Tuesday, November 10, 2020

November Poems

 





November

by Elizabeth Drew Stoddard

Much have I spoken of the faded leaf;

       Long have I listened to the wailing wind,

And watched it ploughing through the heavy clouds,

       For autumn charms my melancholy mind.


When autumn comes, the poets sing a dirge:

       The year must perish; all the flowers are dead;

The sheaves are gathered; and the mottled quail

       Runs in the stubble, but the lark has fled!


Still, autumn ushers in the Christmas cheer,

       The holly-berries and the ivy-tree:

They weave a chaplet for the Old Year's bier,

       These waiting mourners do not sing for me!


I find sweet peace in depths of autumn woods,

       Where grow the ragged ferns and roughened moss;

The naked, silent trees have taught me this, --

       The loss of beauty is not always loss!

BIO: Elizabeth Drew Stoddard was born in Massachusetts in 1923. She published one volume of poems during her lifetime, POEMS, in 1895. She died in 1902.


November Evening

by Lucy Maud Montgomery


Come, for the dusk is our own; let us fare forth together,

With a quiet delight in our hearts for the ripe, still, autumn weather,

Through the rustling valley and wood and over the crisping meadow,

Under a high-sprung sky, winnowed of mist and shadow.

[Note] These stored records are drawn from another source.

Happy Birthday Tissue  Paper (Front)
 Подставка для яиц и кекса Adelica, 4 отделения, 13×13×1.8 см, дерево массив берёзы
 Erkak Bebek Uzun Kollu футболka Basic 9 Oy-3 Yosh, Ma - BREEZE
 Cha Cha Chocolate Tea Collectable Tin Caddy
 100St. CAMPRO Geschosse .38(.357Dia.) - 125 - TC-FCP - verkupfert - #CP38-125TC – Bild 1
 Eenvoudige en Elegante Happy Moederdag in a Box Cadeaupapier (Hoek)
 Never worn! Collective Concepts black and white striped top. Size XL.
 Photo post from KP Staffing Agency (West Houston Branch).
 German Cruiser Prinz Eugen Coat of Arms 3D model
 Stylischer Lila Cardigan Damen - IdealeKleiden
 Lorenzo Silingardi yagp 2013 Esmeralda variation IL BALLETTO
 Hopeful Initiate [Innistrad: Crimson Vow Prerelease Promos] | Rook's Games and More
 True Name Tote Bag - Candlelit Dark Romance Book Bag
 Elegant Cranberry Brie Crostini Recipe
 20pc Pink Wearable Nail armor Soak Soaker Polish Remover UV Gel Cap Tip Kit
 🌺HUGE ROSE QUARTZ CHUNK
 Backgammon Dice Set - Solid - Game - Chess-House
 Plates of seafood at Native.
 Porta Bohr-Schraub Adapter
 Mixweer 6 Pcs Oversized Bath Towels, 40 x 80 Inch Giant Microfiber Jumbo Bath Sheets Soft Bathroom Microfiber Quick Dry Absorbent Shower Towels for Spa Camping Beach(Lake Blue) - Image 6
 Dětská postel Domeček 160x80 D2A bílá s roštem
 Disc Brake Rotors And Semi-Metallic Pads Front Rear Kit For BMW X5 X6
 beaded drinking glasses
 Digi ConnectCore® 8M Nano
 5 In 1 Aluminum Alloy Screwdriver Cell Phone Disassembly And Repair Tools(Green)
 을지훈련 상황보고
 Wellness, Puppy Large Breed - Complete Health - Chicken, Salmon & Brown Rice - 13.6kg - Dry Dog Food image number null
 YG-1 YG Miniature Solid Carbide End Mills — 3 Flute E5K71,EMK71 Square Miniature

Sharp is the frosty air, and through the far hill-gaps showing

Lucent sunset lakes of crocus and green are glowing;

'Tis the hour to walk at will in a wayward, unfettered foaming,

Caring for naught save the charm, elusive and swift, of the gloaming.


Watchful and stirless the fields as if not unkindly holding

Harvested joys in their clasp, and to their bosoms folding

The hopes of a Spring, trusted to motherly keeping,

All to be cherished and happed through the months of their sleeping.


Silent the woods are and gray; but the firs than ever are greener,

Nipped by the frost till the tang of their loosened balsam is keener;

And one little wind in their boughs, eerily swaying and swinging,

Very soft and low, like a wandering minstrel is singing.


Beautiful is the year, but not as the spring-like maiden

Garlanded with her hopes, rather the woman laden

With wealth of joy and grief, worthily won through living,

Wearing her sorrow now like a garment of praise and thanksgiving.


Gently the dark comes down over the wild, fair places,

The whispering glens in the hills, the open, starry spaces;

Rich with the gifts of the night, seated with questing and dreaming,

We turn to the dearest of paths where the star of the home light is gleaming.